За рекой, покрытые серебристо-зелеными грядами ивовых кустов, лежат пойменные острова. Они изрезаны темными узкими руслами полоев, а их берега оторочены белесыми раскидистыми стрелками песчаных отмелей и рёлок. Отмели усыпаны светлыми крапинами лопухов. По рёлкам неторопливо бродят чайки, придавая своим беспорядочным движением толику реализма этой застывшей картине...

Толик! Толик шумно сопит и сосредоточенно смотрит вдаль. Ему хочется туда — на свежий простор островов, чтобы, как в детстве, бежать сломя голову куда попало и орать от избытка обуявших его первобытных чувств. Барсик внешне спокоен. Он щурится на солнце и делает умиротворенный вид. Но его мечты всегда одинаковы и всем понятны. Он надеется когда-нибудь уйти безвозвратно в эти дикие прерии, чтобы ходить по следу, искать добычу, строить жилища и ночевать у огня.

Мне же хорошо и здесь — на угоре. Мысли мои, свободные от всяких препон, смело разлетаются в стороны, душа радуется бескрайнему простору и замирает от приходящих вдруг откровений.

Там — кочи с моря идут под парусами, карбасы за собой тянут. В карбасах — бочки с рыбой соленой. На всю зиму ись нам хватит и на продажу ишше останет.

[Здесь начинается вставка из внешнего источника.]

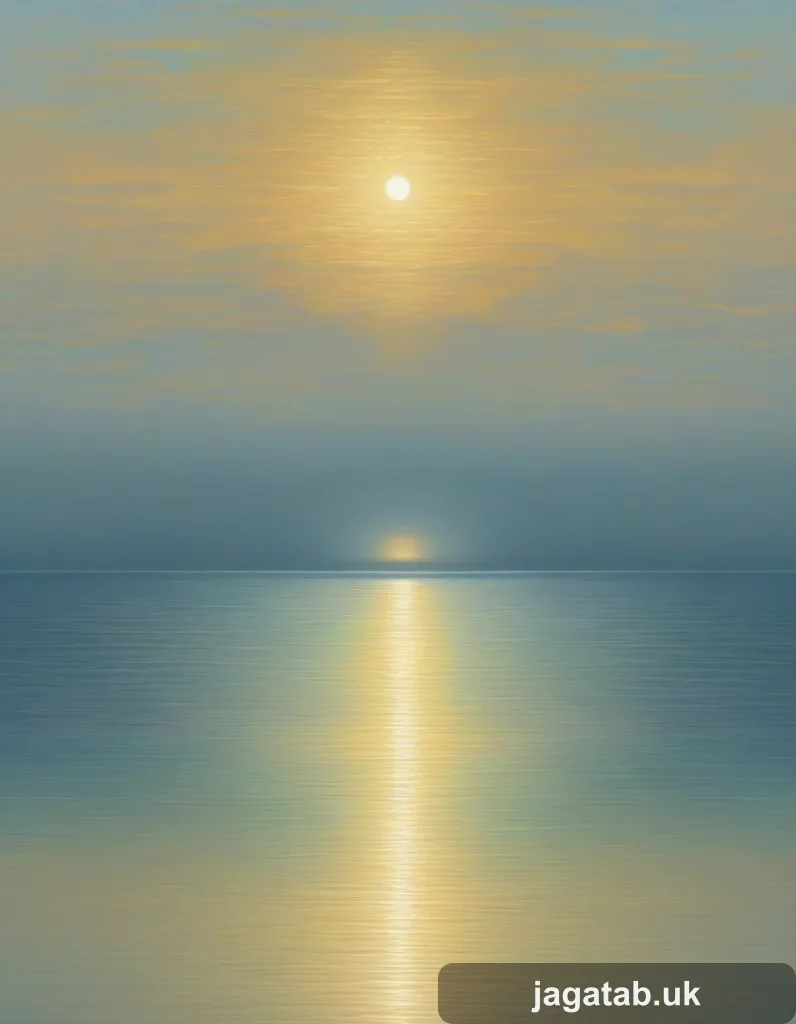 Calm Sea Horizon Soft Dawn Light Over St A342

Церквы белые по берегам — аки маяки светят. Деревень кругом — места пустого не увидать. Дома все огромны — двужирны, вдоль реки тянутся вереницей, крыши тесовые на солнце серебром отливают. Бань да амбаров подле домов — без меры рассыпано. Кругом пашни да покосы пестреют. За пашнями гумна с овинами стоят, да мельницы ветряны крылами машут. Лес темно-синёй с тылу всё прикрыват.

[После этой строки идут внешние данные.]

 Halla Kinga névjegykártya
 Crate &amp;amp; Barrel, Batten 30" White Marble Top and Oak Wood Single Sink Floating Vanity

Я встаю на лавку и расправляю руки как крылья, в надежде, что, может быть, в этот раз кто-нибудь всемогущий заметит меня и вознесет над всем этим сущим великолепием.

Толик сдержанно ржет, заметив мое безрассудство, и трясет седой головой, понимая всю безнадежность человечьих потуг. Барсик на всякий случай чуть отодвигается на скамейке и косится недоверчиво в мою сторону.

Я опускаюсь на землю. «Пошли домой! Сено нать ишше ставить!» — сурово обращаюсь я к этим недоверцам и, последний раз окинув взором величественную ширь, ступаю по тропе.

Барсик, распушив хвост, вскакивает Толику на спину, Толик в два приема поднимается с земли потряхивая гривой, и они медленно следуют за мной в задумчивости, сокрушаясь, видимо, о несовершенстве и бестолковости бренной жизни.